Problem requirements:
Print exactly the lines from the one that contains "Fondistas dan todo" through the final line of the entries below, both included, and nothing else; omit the pictures.

Dataset entries:
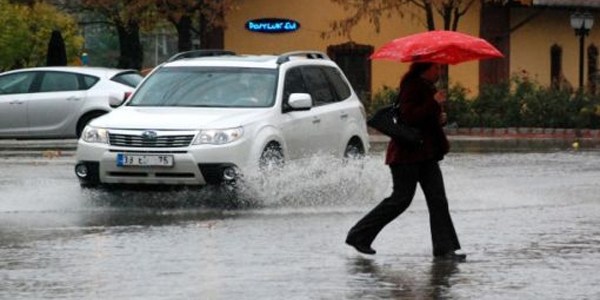 Meteoroloji'den fırtına ve sel uyarısı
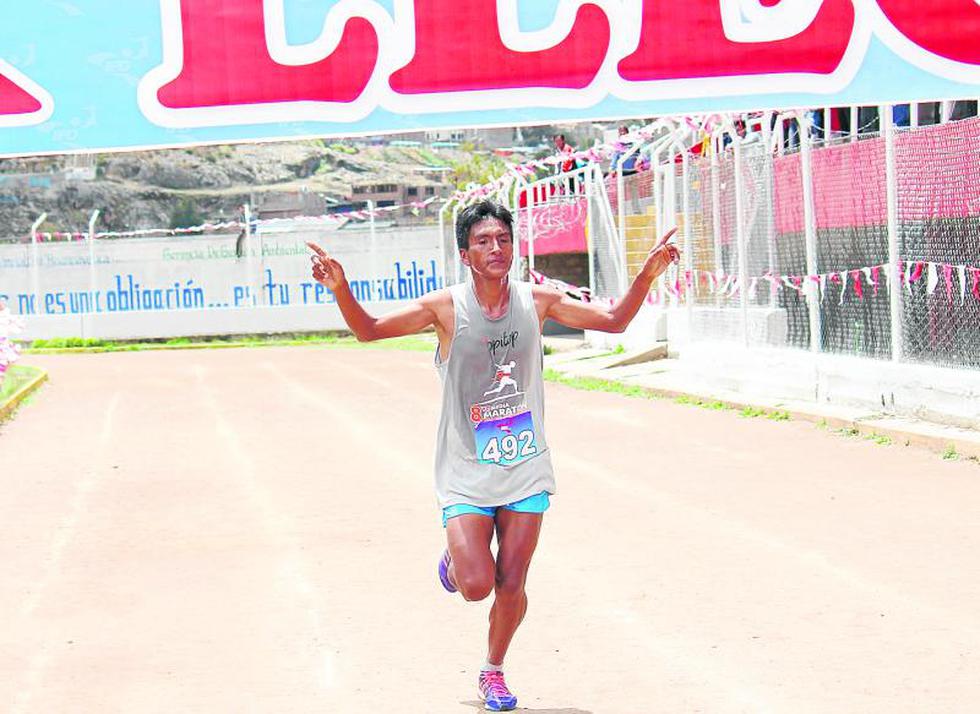 Fondistas dan todo su esfuerzo en media maratón 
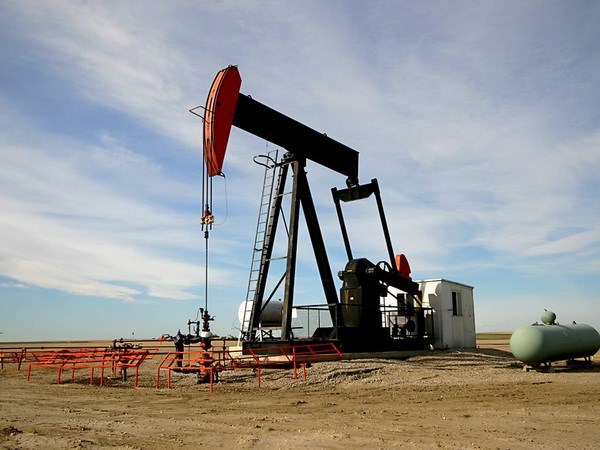 Giá dầu WTI mất gần 3% trước những lo ngại về nguồn cung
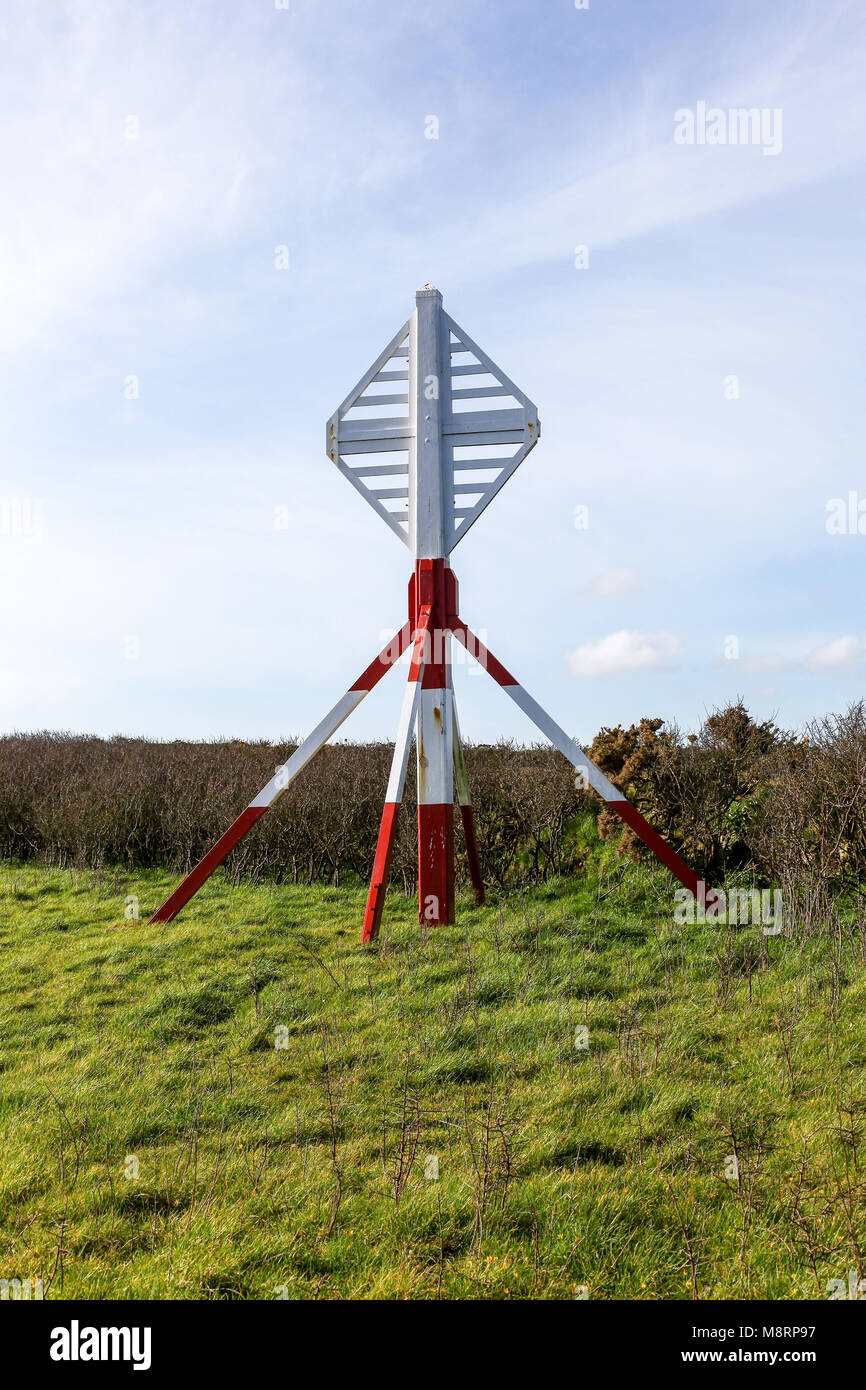 La grande en bois rouge et blanc diamant est connue sous le nom de balise Balk et est une aide à la navigation de jour, Péninsule du Lézard, Cornwall, Angleterre du Sud-Ouest, Royaume-Uni Banque D'Images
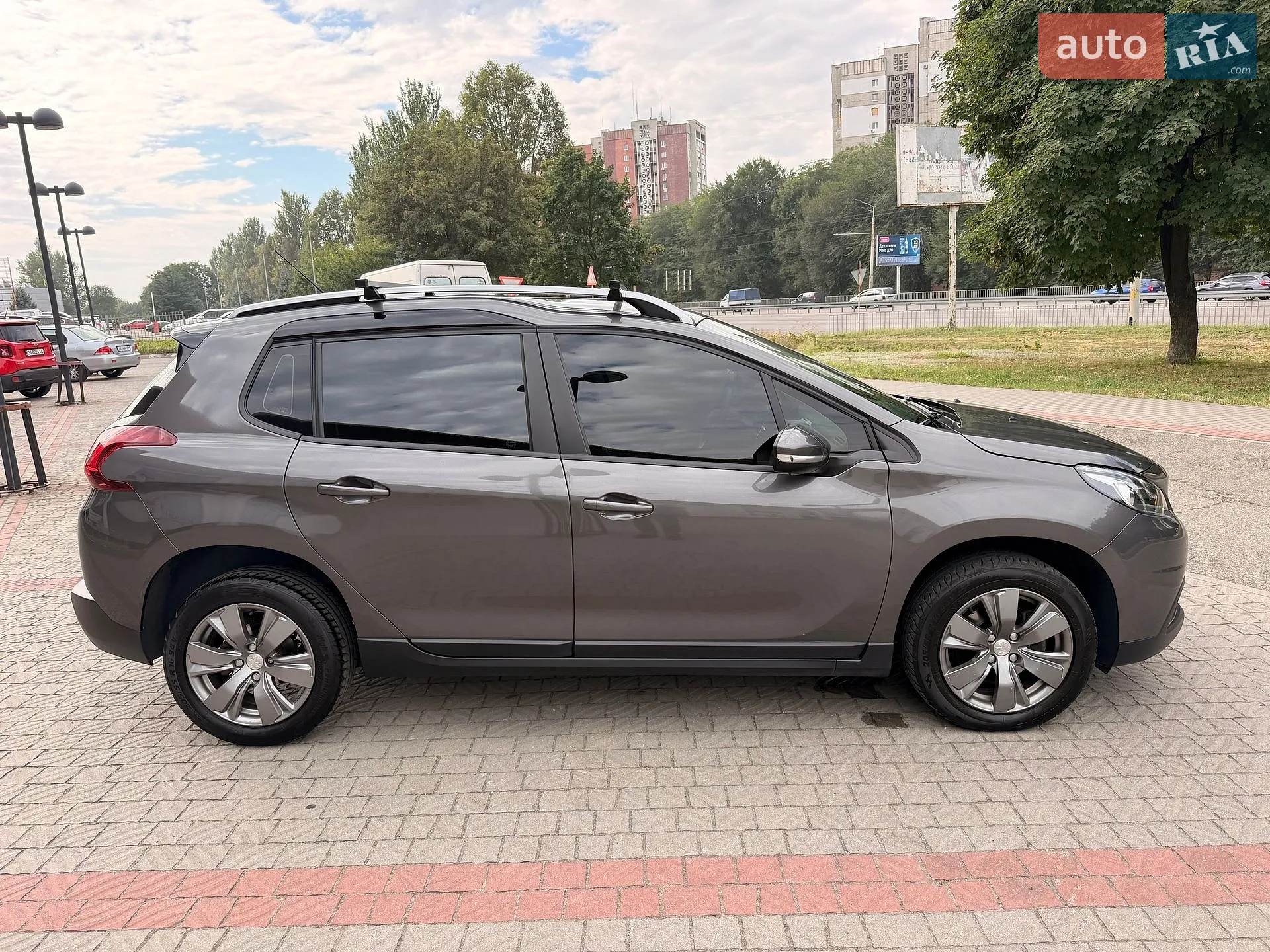 2019 Peugeot 2008 - мініатюра 9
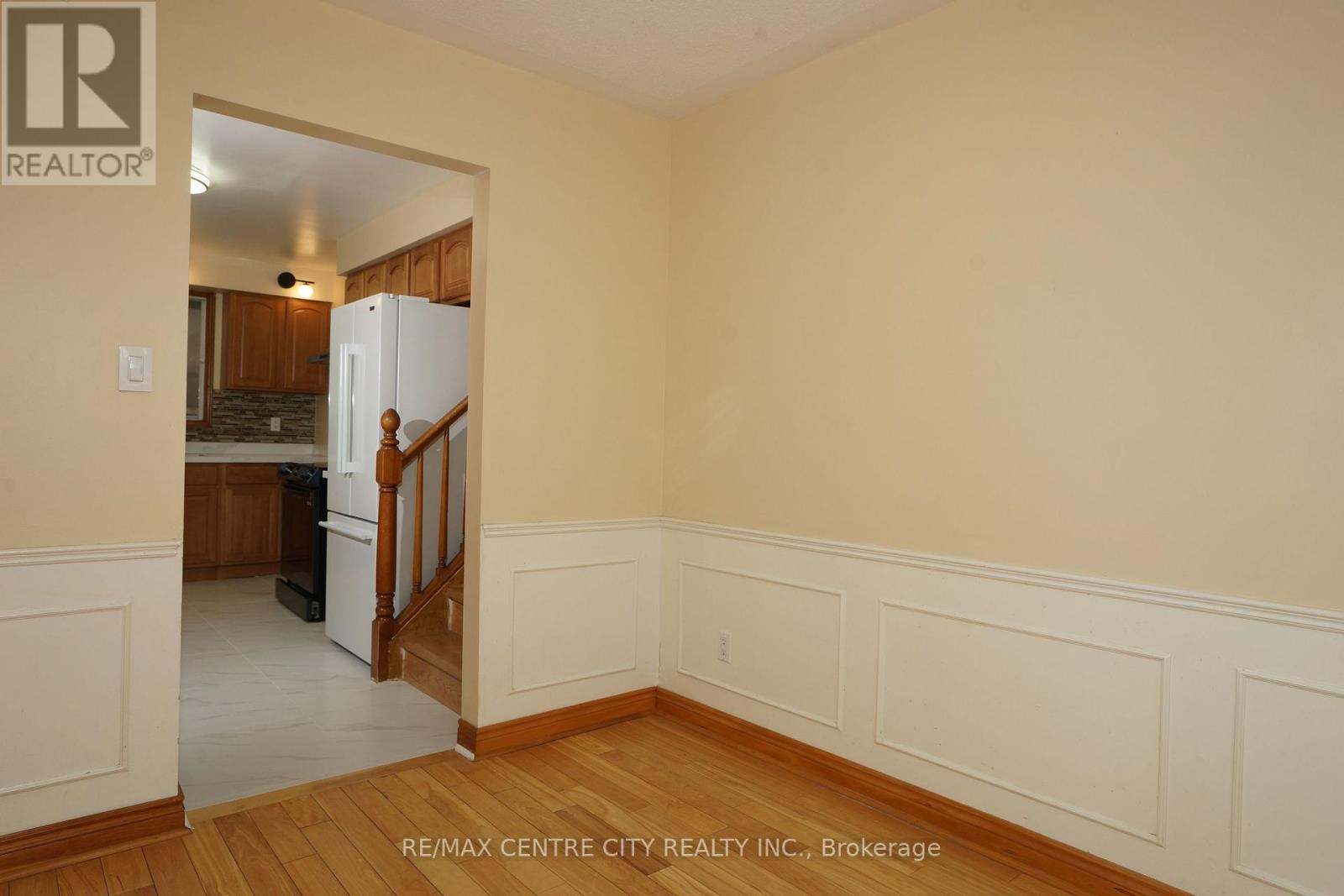 Photo 8 of 31 for 136 Concord Crescent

Answer section:
 Fondistas dan todo su esfuerzo en media maratón 
 Giá dầu WTI mất gần 3% trước những lo ngại về nguồn cung
 La grande en bois rouge et blanc diamant est connue sous le nom de balise Balk et est une aide à la navigation de jour, Péninsule du Lézard, Cornwall, Angleterre du Sud-Ouest, Royaume-Uni Banque D'Images
 2019 Peugeot 2008 - мініатюра 9
 Photo 8 of 31 for 136 Concord Crescent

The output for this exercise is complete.